Hyphens Pharma International Limited (1J5) reported that group revenue for the financial year ended Dec, 31 2025 fell 9.3 % year on year to 177.4 million Singapore dollars, but gross profit climbed 3.9 % to 72.2 million Singapore dollars, lifting the gross profit margin to an all-time high of 40.7 % (FY2024: 35.6 %).
Profit after tax amounted to 6.1 million Singapore dollars, with second-half earnings of 4.1 million Singapore dollars more than doubling the 2.0 million Singapore dollars recorded in the first half.
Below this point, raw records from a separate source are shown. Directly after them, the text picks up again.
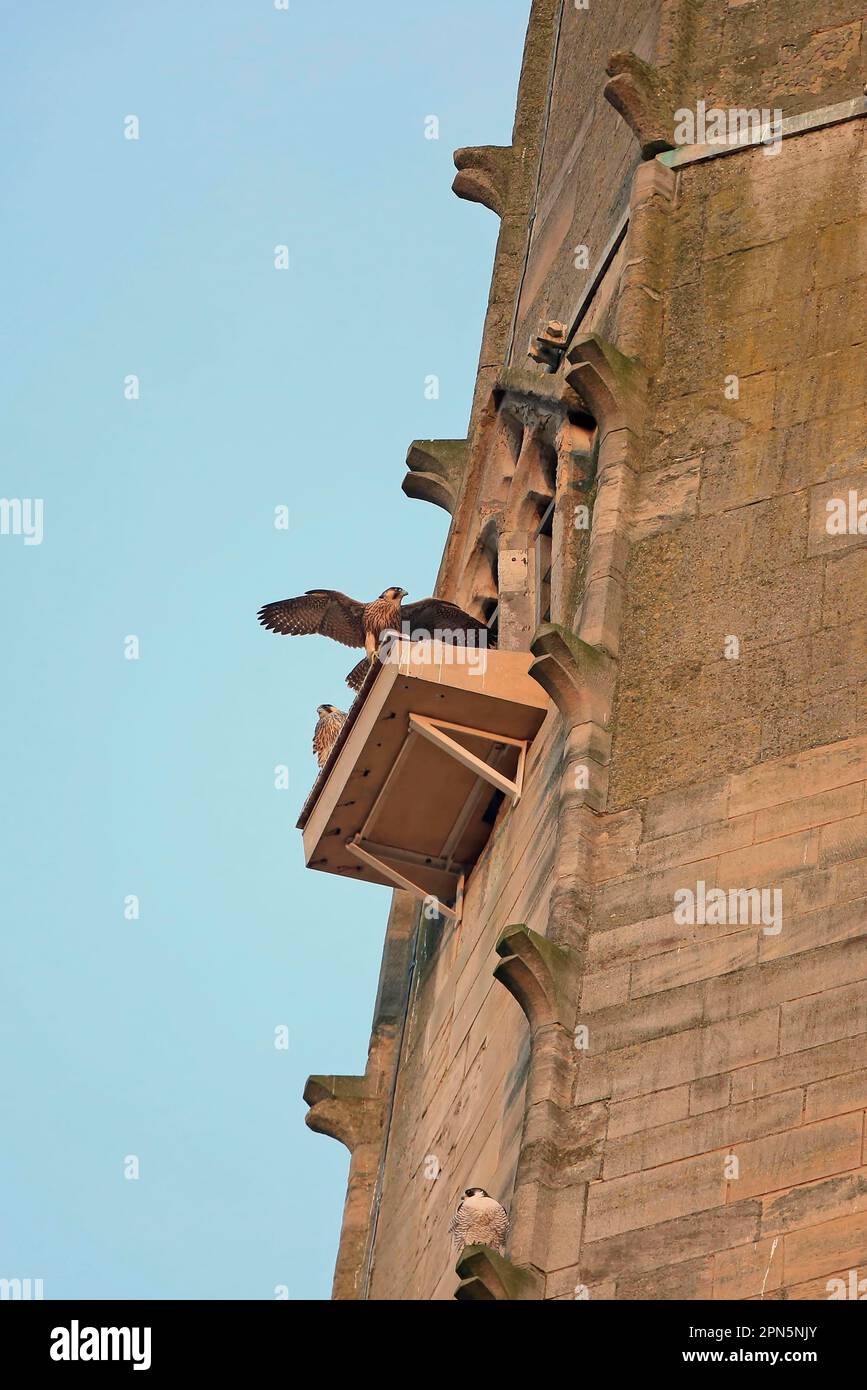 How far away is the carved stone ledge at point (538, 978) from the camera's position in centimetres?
1822

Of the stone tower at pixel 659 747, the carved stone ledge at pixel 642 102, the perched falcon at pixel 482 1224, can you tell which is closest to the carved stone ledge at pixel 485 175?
the stone tower at pixel 659 747

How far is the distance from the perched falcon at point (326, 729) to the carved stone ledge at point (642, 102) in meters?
4.53

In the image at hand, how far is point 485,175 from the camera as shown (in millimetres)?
29891

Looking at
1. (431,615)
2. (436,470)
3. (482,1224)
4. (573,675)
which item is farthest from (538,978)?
(436,470)

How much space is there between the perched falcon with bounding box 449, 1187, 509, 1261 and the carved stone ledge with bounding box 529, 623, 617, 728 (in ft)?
10.5

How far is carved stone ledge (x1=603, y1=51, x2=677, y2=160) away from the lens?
23125 millimetres

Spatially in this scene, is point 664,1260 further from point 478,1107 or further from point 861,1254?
point 478,1107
Net operating cash inflow grew to 18.7 million Singapore dollars for the full year, supported by continued inventory reduction that released working capital, including 11.5 million Singapore dollars generated in 2H2025.
By geography, Singapore remained the largest contributor, delivering 90.9 million Singapore dollars or 53 % of group revenue, followed by Vietnam at 57.1 million Singapore dollars (22 %), Malaysia at 25.8 million Singapore dollars (15 %), and other markets at 21.6 million Singapore dollars (10 %).
Segmentally, Pharmaceutical & Medical Aesthetics revenue declined to 101.3 million Singapore dollars, affected by the transition of Visiopro and Fenosup into the Proprietary Brands portfolio and the cessation of Physiolac exports. Proprietary Brands sales rose to 36.6 million Singapore dollars on the back of new products and continued growth in Ceradan and Ocean Health, while Digital Platform & E-Pharmacy revenue eased to 39.4 million Singapore dollars due to portfolio optimisation.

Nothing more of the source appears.